%%

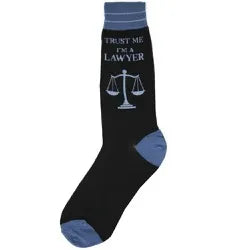 Men's Socks - Novelty, crew sock, fun- I'm a Lawyer 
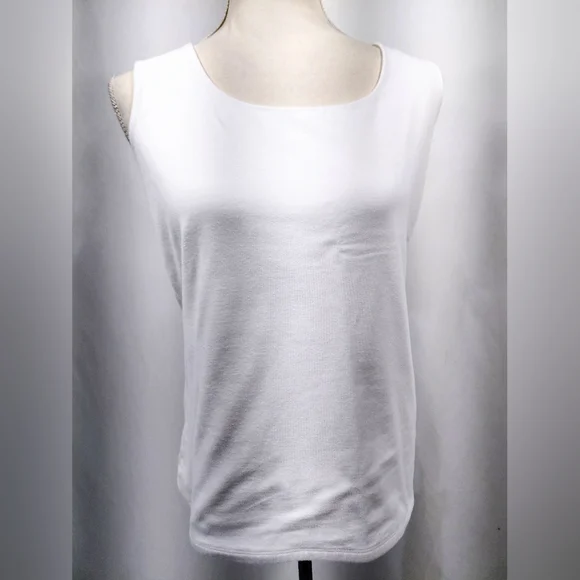 Coldwater Creek White Sleeveless Tank Top - Picture 2 of 8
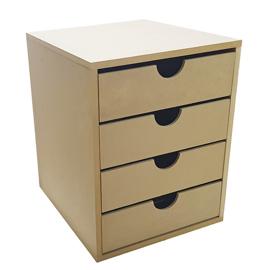 Mesa De Luz/Cajonera De 4 Mdf Interior Placard Únic...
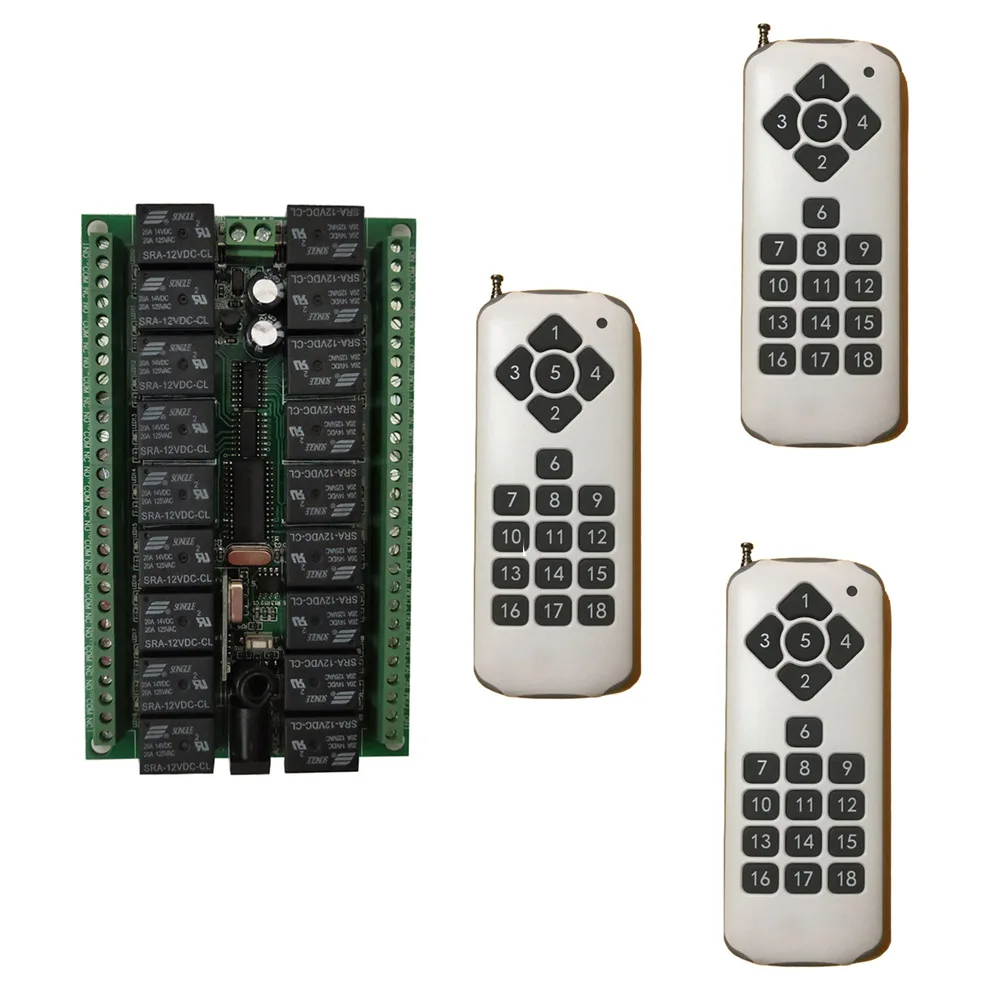 

Universal DC 12V 24V 10A Relay 18CH 18 CH Wireless Remote Control Switch Remote Light Switch Transmitter Receiver 315 / 433 MHz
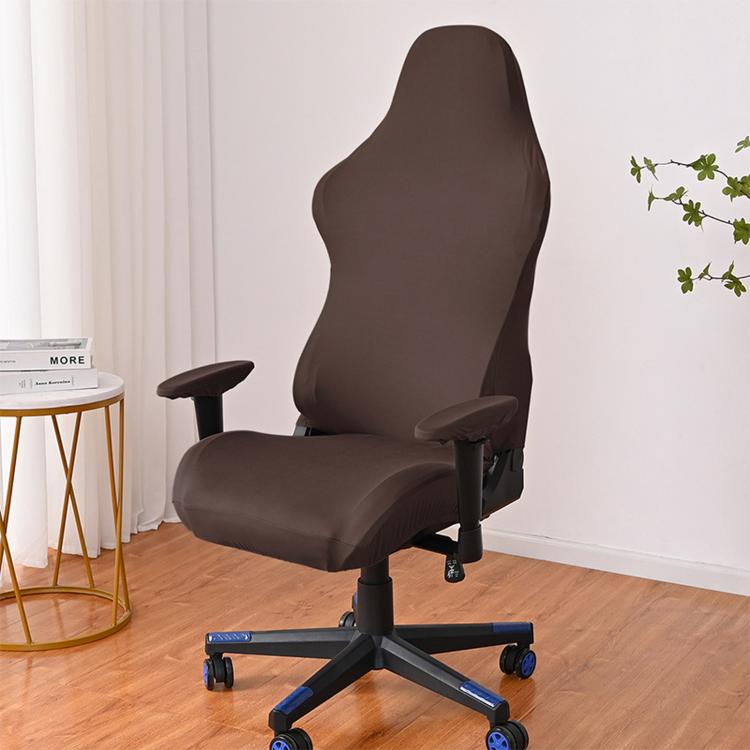 Dark brown gaming chair slipcover with armrest covers, fitted over chair back and seat.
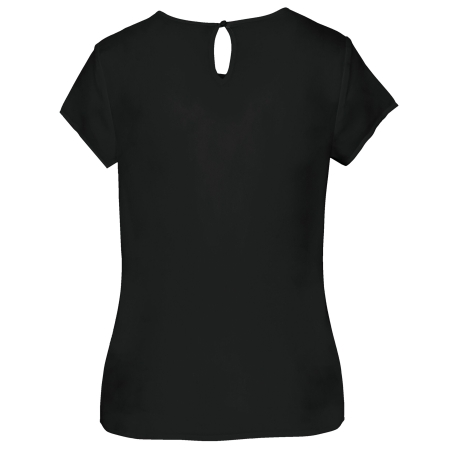 Blouse crêpe manches courtes femme Kariban – Noir – vue 2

%%

▸ **Exercise brief**: Pictures aside, please output the whole listing exactly as it appears above.

▸ **Solved problem**:
 Men's Socks - Novelty, crew sock, fun- I'm a Lawyer 
 Coldwater Creek White Sleeveless Tank Top - Picture 2 of 8
 Mesa De Luz/Cajonera De 4 Mdf Interior Placard Únic...

Universal DC 12V 24V 10A Relay 18CH 18 CH Wireless Remote Control Switch Remote Light Switch Transmitter Receiver 315 / 433 MHz
 Dark brown gaming chair slipcover with armrest covers, fitted over chair back and seat.
 Blouse crêpe manches courtes femme Kariban – Noir – vue 2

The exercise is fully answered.